Me centro ahora en la exaltación de los sentimientos y en
el simbolismo que utiliza el nacionalismo para colgar sus ideas
de las mentes de los individuos mas pasionales o menos racionales.
Todo vale. El nacionalismo vasco es, más que nada, una bandera,
un color y una lengua. El nivel de independencia de la comunidad
autónoma de Euskadi es envidiable a muchos niveles y goza
de una independencia en muchos campos. No pregono que sea la situación
ideal. El problema es que las turbas necesitan el símbolo.
No serviría de nada que la autonomía de Euskadi fuera
total si la bandera del estado español siguiera ondeando
en los mástiles de Euskadi. Y es que los patriotas quieren
ver esos símbolos. Luchan por ver esos símbolos resueltos
de una vez. Esto es así por ser un nacionalismo criado en
el fanatismo. Lo que no se dan cuenta es de lo que realmente esos
símbolos representan. La relación del territorio vasco
con el resto del estado español no es algo casual, es algo
firmemente amarrado y entrelazado por la historia en muchos campos.

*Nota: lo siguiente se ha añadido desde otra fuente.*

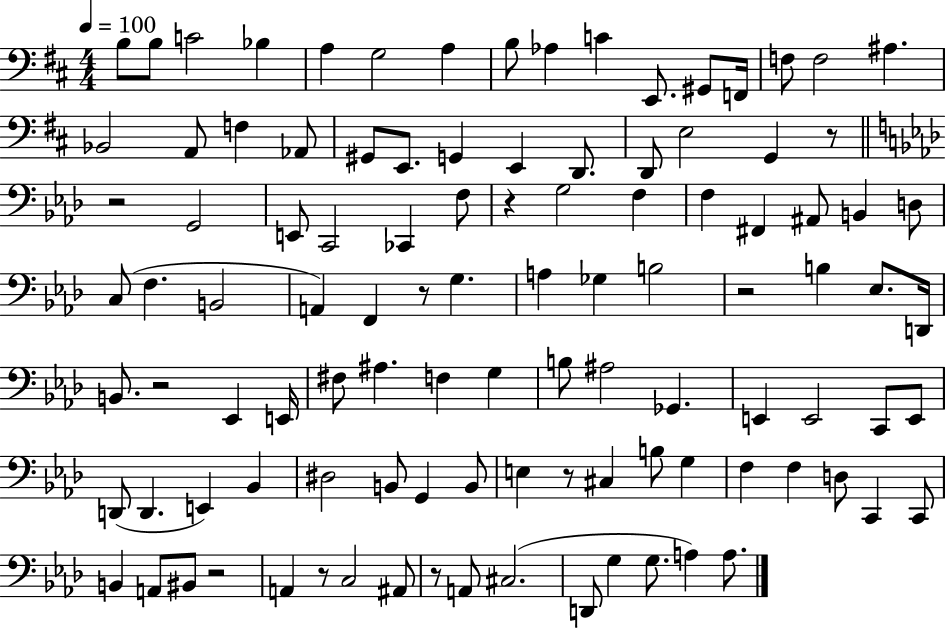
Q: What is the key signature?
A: D major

Tal vez los nacionalistas no se den cuenta de lo que implica una
rotura y emancipación total. ¿Pueden imaginar por
ejemplo a los equipos de fútbol vascos jugando en una liga
estatal vasca, o la separación federativa deportiva? ¿Pueden
imaginar Euskadi sin depender de los recursos energéticos
o de cualquier tipo del resto de territorios españoles? ¿Pueden
olvidarse de los convenios establecidos o de las enormes inversiones
realizadas en el territorio vasco? ¿Querrán la ruptura
de empresas e instituciones? Probablemente solo en las ocasiones
que les convengan. Nunca hablarán de retirar equipos deportivos
vascos de las competiciones españolas porque no conviene.
Es el nacionalismo de conveniencia que utiliza los símbolos
y los sentimientos conscientemente. Es el nacionalismo de conveniencia
pero que a la vez pregona el todo o nada.